Adopted by: Netflix (canary), AWS (blue-green with CodeDeploy), Google (gradual rollouts in GKE), Facebook (progressive push) Impact: Netflix's canary deployments catch ~95% of production issues before they affect all users; blue-green deployments reduce mean time to recover (MTTR) from hours to minutes via instant rollback.

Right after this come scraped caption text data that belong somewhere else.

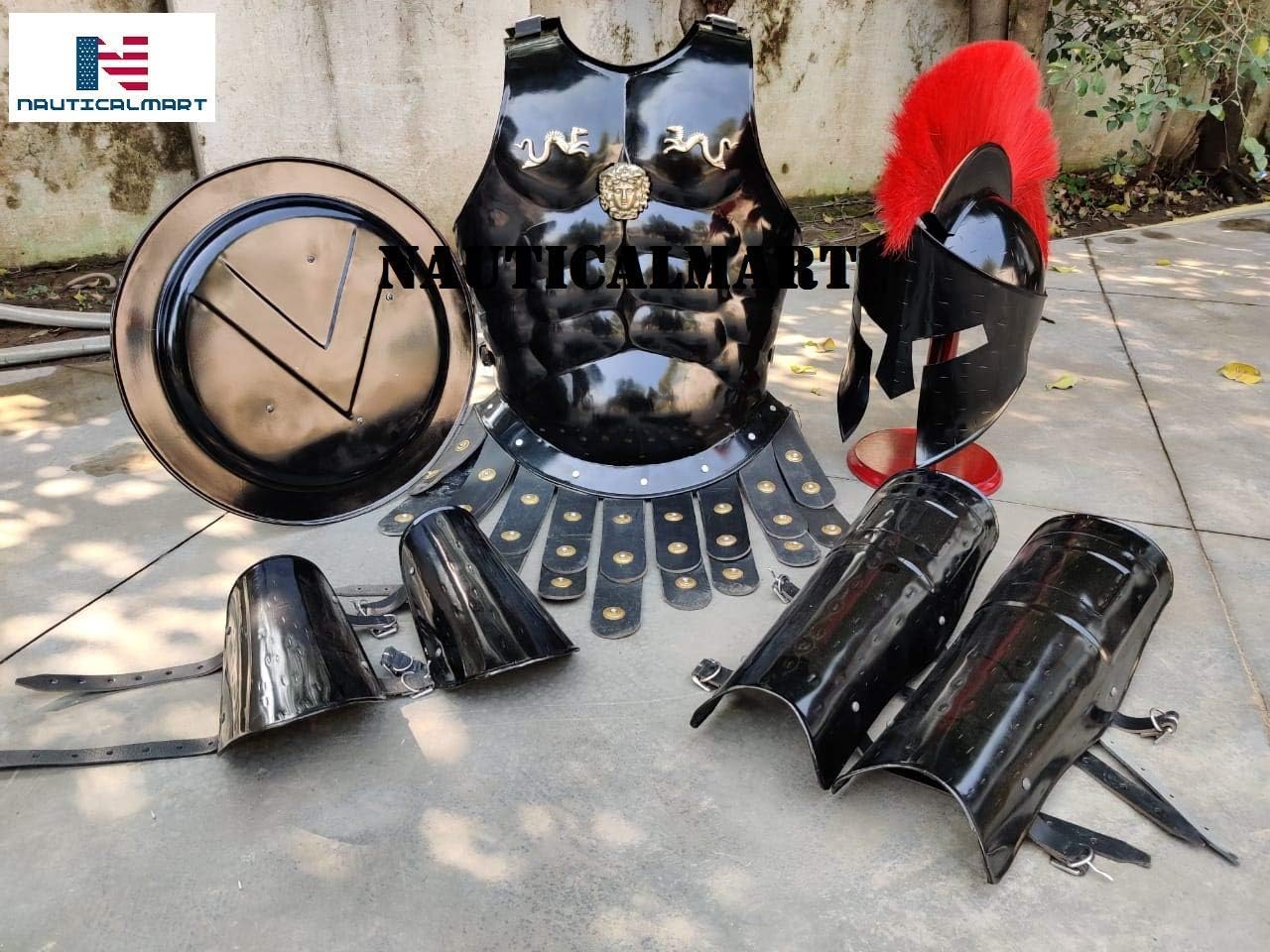 Medieval Roman King Leonidas 300 Spartan Helmet W/Red Plume + Muscle Armor + Shield + Leg Or Arm Guard by NauticalMart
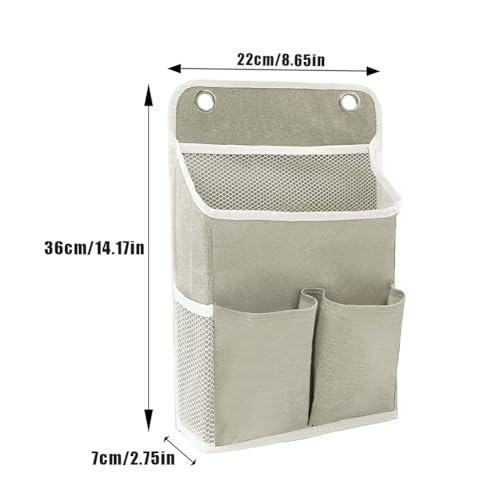 Wall Hanging Storage Bag, 2Pcs 5 Pocket Hanging Storage Bag Bedside Caddy Organizer for Bed for Bunk Bed Dorm Room Hospital, Holds Phone Glasses Book Remote, Fits Bed Rail Headboard, Grey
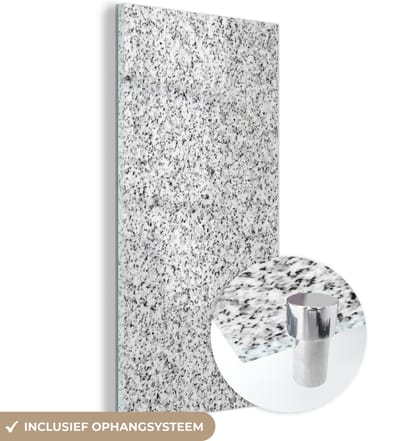 MuchoWow® Glasschilderij 60x120 cm - Schilderij acrylglas - Graniet - Zwart - Wit - Patroon - Grijs - Foto op glas - Schilderijen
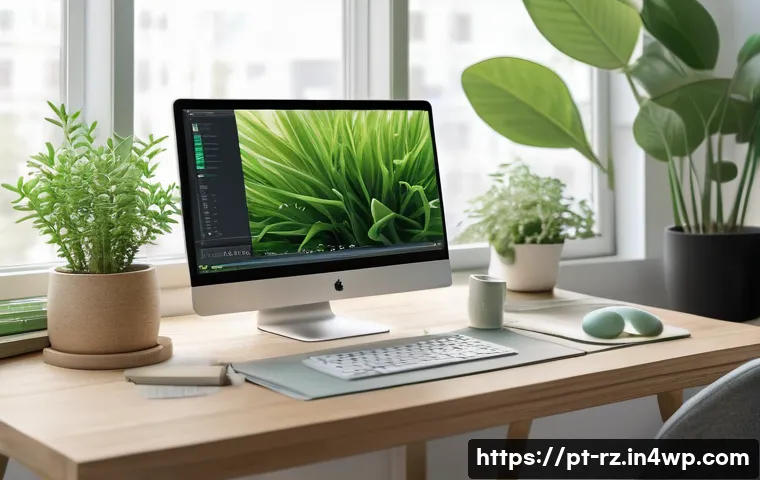 마인드풀테크 구현을 위한 프레임워크 - A serene digital workspace scene featuring a modern, minimalist user interface on a sleek desktop mo...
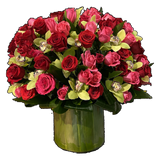 AF 650-3 Luxury Red & Pink Roses with Cymbidium Orchids – Same Day Delivery Miami
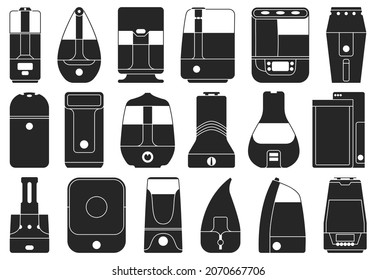 Icono de conjunto negro aislado de humidificador. Difusor de ilustración vectorial sobre fondo blanco. Humidificador de iconos de conjunto negro vectorial.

The choice of deployment strategy directly determines blast radius when something goes wrong. A rolling deploy with no traffic control can expose 100% of users to a bad release in minutes; canary deploys can limit exposure to 1% while metrics are evaluated.

Steps

Assess risk and rollback requirements — High-risk changes (DB migrations, major refactors): blue-green or canary. Low-risk patches: rolling. Zero-downtime requirement: any strategy except in-place restart.
Evaluate infrastructure capability — Blue-green requires double capacity temporarily. Canary requires traffic splitting (service mesh, load balancer weights, or feature flags). Rolling requires health check support.
Design blue-green for instant rollback — Maintain two identical production environments; route traffic via DNS/load balancer switch; keep blue alive for 24h after green proves healthy.
Design canary for gradual exposure — Route 1-5% of traffic to new version; monitor error rate, latency, and business metrics for a defined window; auto-rollback if thresholds breach.
Design rolling for stateless services — Replace instances in batches (e.g., 25% at a time); configure health checks to gate each batch; set maxUnavailable=0 for zero-downtime.
Automate rollback triggers — Define rollback criteria (error rate >1%, P99 latency >2×, specific log patterns) and automate rollback execution; do not rely on manual intervention.
Test the rollback path — Practice rollback in staging; a rollback procedure that has never been tested will fail when needed.

Rules

Never deploy and walk away — monitor for at least 15 minutes post-deploy before declaring success.
Database migrations must be backward-compatible with the current production code before deployment begins.
Feature flags decouple deployment from release — deploy dark, release with a flag flip.
Document the rollback procedure in a runbook; link it from the deployment pipeline.

Examples

Canary with Kubernetes and Argo Rollouts:

Deploy v2 to 5% of pods; Argo monitors Prometheus error rate.
If error rate <0.5% for 10 minutes → promote to 50% → then 100%.
If error rate >1% at any step → automatic rollback to v1.

Common Mistakes

No rollback plan — "we'll just redeploy" is not a plan; migration side effects may not be reversible.
Canary without meaningful metrics — routing 5% of traffic but not measuring business-specific error rates makes the canary blind.
Blue-green without database schema alignment — running two app versions against a single DB with incompatible schemas causes immediate data corruption.

When NOT to Use

The service is a stateful database engine or distributed storage cluster — deployment strategies designed for stateless application tiers do not apply; database version upgrades follow vendor-specific rolling upgrade procedures that must not be overridden with generic canary or blue-green patterns.
The deployment is a hotfix for a critical security vulnerability actively being exploited in production — gradual canary exposure intentionally delays full rollout, which prolongs user exposure to the vulnerability; deploy to 100% immediately with monitoring and accept the higher blast radius.
The infrastructure has no health check mechanism and no traffic splitting capability — canary and rolling strategies both depend on automated health signal to gate promotion; without these primitives, the strategy cannot be executed safely and infrastructure prerequisites must be built first.